Let's take a look at the quality of such a low-cost charger.
Test and teardown video: https://www.bilibili.com/video/BV1kf42127Cu/
Unboxing and teardown review of the Yuli/Torria adjustable power supply X08P3010: https://blog.zeruns.com/archives/698.html
Simple unboxing and review of the Ruideng RD6012P programmable adjustable power supply, a 60V 12A DC power supply with buck and linear voltage reduction: https://blog.zeruns.com/archives/740.html
Purchase link for the official Huawei 100W charger: https://u.jd.com/9sxOBRm
Product Appearance
It has only one USB-A output port, with "120W Fast Charge" written below.
Information printed on the charger:
- Model: 120W
- Input: 180-240V ~ 1.8A 50/60Hz
- Output: 5V/9V/12V/15V=3A, 20V=3.3A
Manufacturer: Shenzhen Vitamei Trading Co., Ltd.
The charger weighs 53.5 grams.
Testing
First, let's test the supported fast-charging protocols. There are quite a few, but the maximum output voltage only reaches 12V, not the claimed 20V.
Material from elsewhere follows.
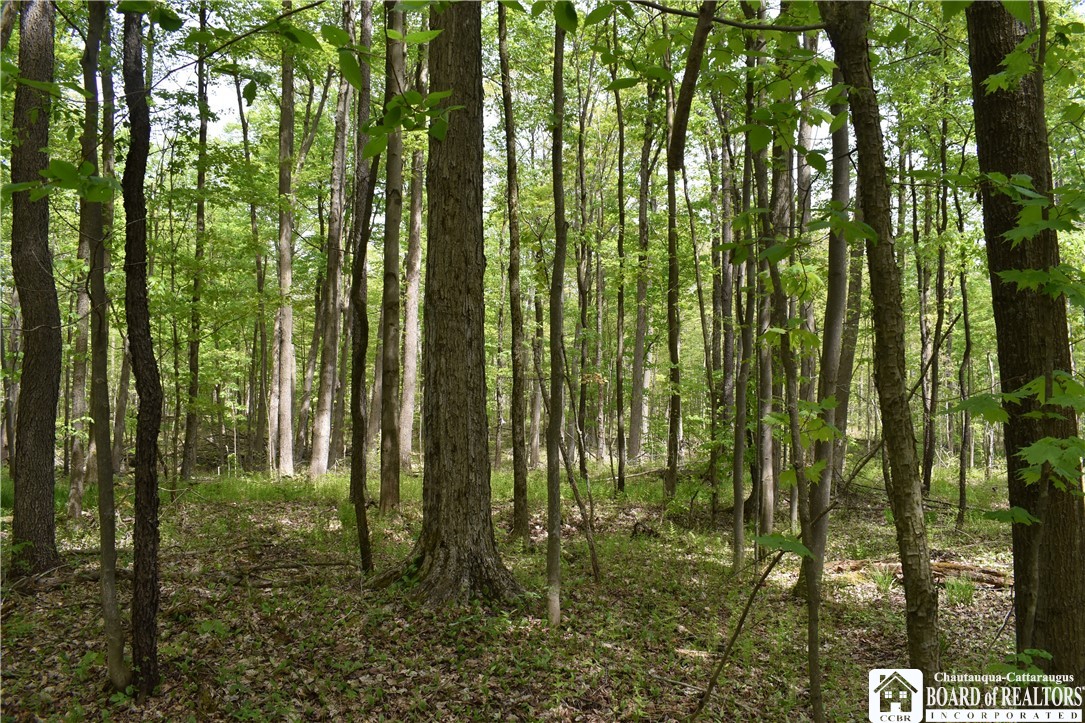 0 Old Chautauqua Road Gerry, NY 14740 - Photo 1 of 1 Gallery Image 1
In actual testing, the highest output voltage is 12V, with a maximum output power of 15.6 watts. When fully loaded, the output voltage drops from 12V to 9V, and the charger's conversion efficiency is around 80%.
When the charger outputs 12V1A, the peak-to-peak ripple is around 460mV, which is a bit high.
The ripple when the 5V output is no-load is shown in the figure below, with a peak-to-peak ripple of about one hundred millivolts.
Teardown
Removing the top cover.
Taking out the circuit board, there is a weight block on the transformer. This power supply is likely a flyback switch-mode power supply.
Removing the weight block.
The bottom side of the PCB.
On the side, the AC input side filter capacitor is 400V 6.8μF, which is a bit small. The Y capacitor is 2.2nF.
The output side filter capacitor is blocked by the USB interface, only showing a voltage rating of 16V. The capacitance value is not visible, but it was measured with a multimeter to be 644μF.
A carbon film resistor is connected in series before the rectifier bridge at the AC input end, acting as a current-limiting resistor.
The rectifier bridge model is MB10F, with performance parameters of 1000V/1A.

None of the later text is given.